If literary scholarship wishes to return to a position of broader relevance — and perhaps it does not, perhaps it is content to occupy a position of defiant critical resistance to the pragmatic demand for usefulness, happy in its Bartleby-like refusals of what it perceives as the demands of neoliberalism — one path forward would be to engage seriously with contemporary empirical work in the social sciences, especially those areas where a close acquaintance with literature might be of value.
As Shiller notes, narratives may be important to understanding economics in many ways, not only in terms of the macroeconomic fluctuations that are his focus.
Or consider rational choice theory. Nearly all mainstream economic models rest on some variety of rational choice theory. Behavioral economics has succeeded in mildly challenging these assumptions by showing the many ways in which human beings are predictably irrational, especially in the evaluation of risk and the weighing of costs and benefits.
Could tools drawn from literary study be helpful in modeling other predictable aspects of human behavior that are not captured even by behavioral economics? I have in mind especially the role of meaning in determining how we think, choose, and act — both in the interpretive sense (“What do you mean by that?”) and the sense of significance (what is meaningful, what matters). Both senses are closely related to narrative, and thus to literature and literary study. For example, I may express the meaning something has to me by telling a narrative about its relation to me; and the teleological structure of narrative may be related to the structure of meaningfulness. Both have something to do with purpose, and with answers to the question “Why?”

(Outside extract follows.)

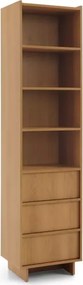 Regał na książki Vabres z szufladami 50x200 cm dąb karmel nowoczesny push-to-open skandynawski stojący 3 półki 3 szuflady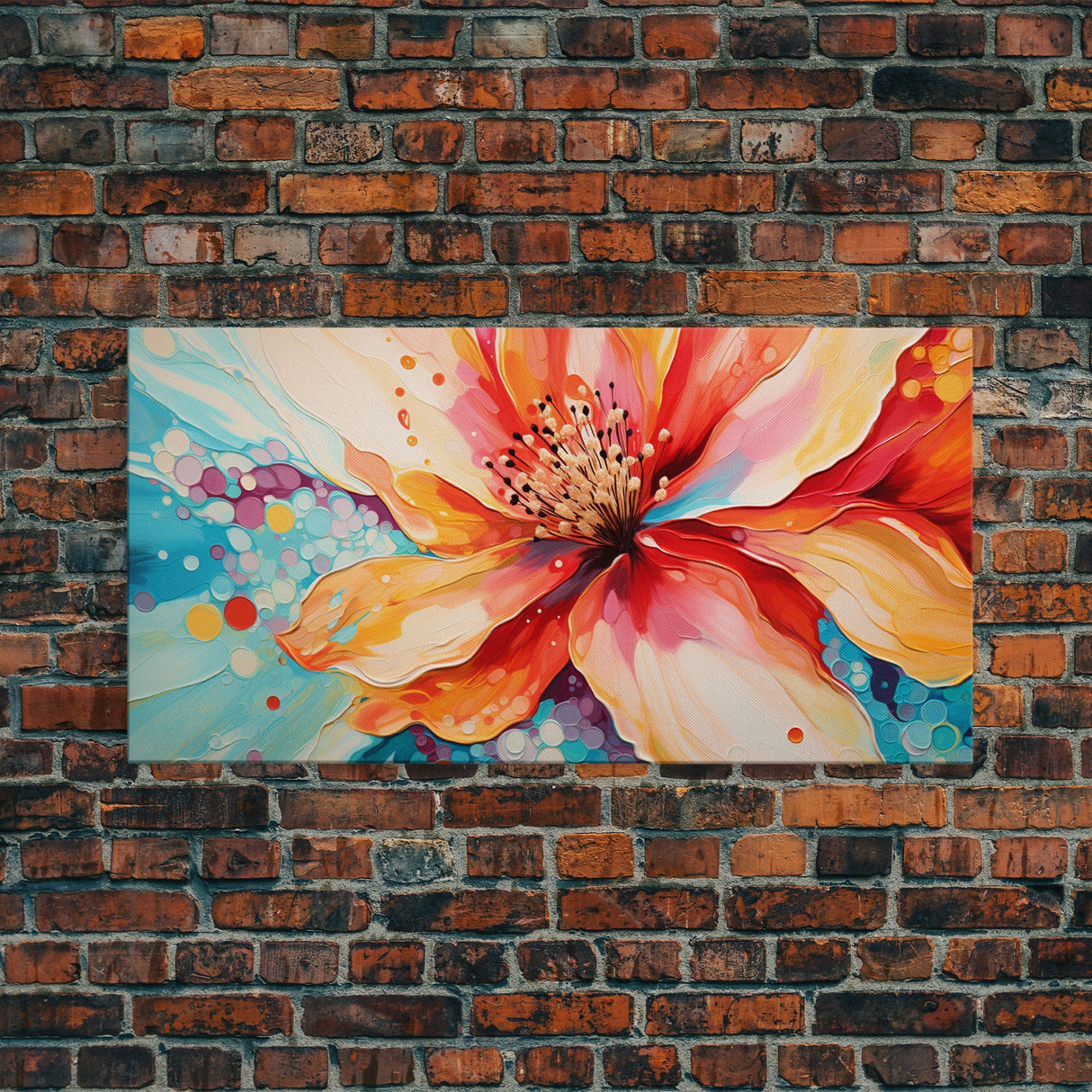 Hibiscus Wall Art, Tropical Flower Print, Pink Flower, Panoramic Art, Wall Art, Canvas Art, Landscape Art, Boho Wall Art, Rustic Wall Decor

There are many ways in which meaning as a subject of literary study might be relevant to concerns beyond literature. For example, economists tend to treat preferences as exogenous, rather than attempting to explain and predict how an actor ends up with the preferences she has. Could a model be developed based on meaning in its dual senses that would shed light on preference-formation in some context, so that we might attempt to predict preferences, rather than simply taking them as given? What implicit models of meaning-making do we find in literary study, and in literature itself, and might it be possible to generate predictions based on these models, and to design experiments to test our predictions?

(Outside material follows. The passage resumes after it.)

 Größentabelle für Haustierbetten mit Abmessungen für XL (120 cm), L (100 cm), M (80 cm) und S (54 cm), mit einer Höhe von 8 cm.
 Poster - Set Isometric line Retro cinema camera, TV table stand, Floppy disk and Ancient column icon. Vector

The philosopher Susan Wolf‘s work on meaning and meaningfulness might be relevant for such a project, along with scholarship on Kierkegaard and Heidegger by, for example, Charles Taylor, Thomas Sheehan, and Hubert Dreyfus.

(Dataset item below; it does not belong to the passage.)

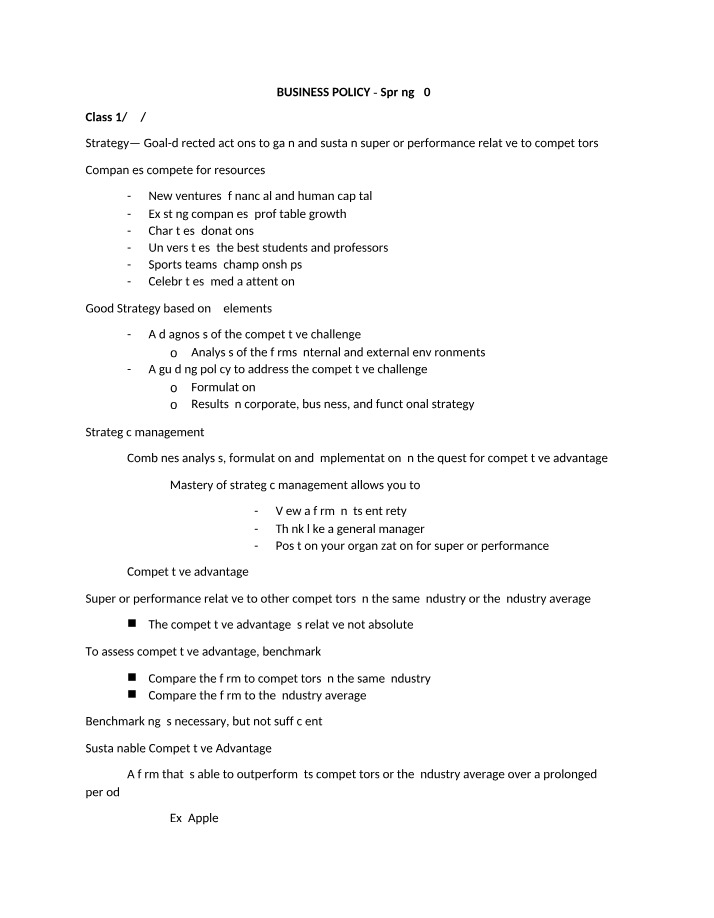 Business Policy Overview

In any case, proposing predictive models based on the literary study of meaning, meaningfulness, or narrative is only one of the many ways that literary study might regain some of its broader interdisciplinary relevance. Unfortunately, there seems to be little indication that literary academia is open to this kind of engagement with the social sciences. Perhaps in another decade there will be an intergenerational change — or some other path forward will present itself — if departments of literature continue to exist.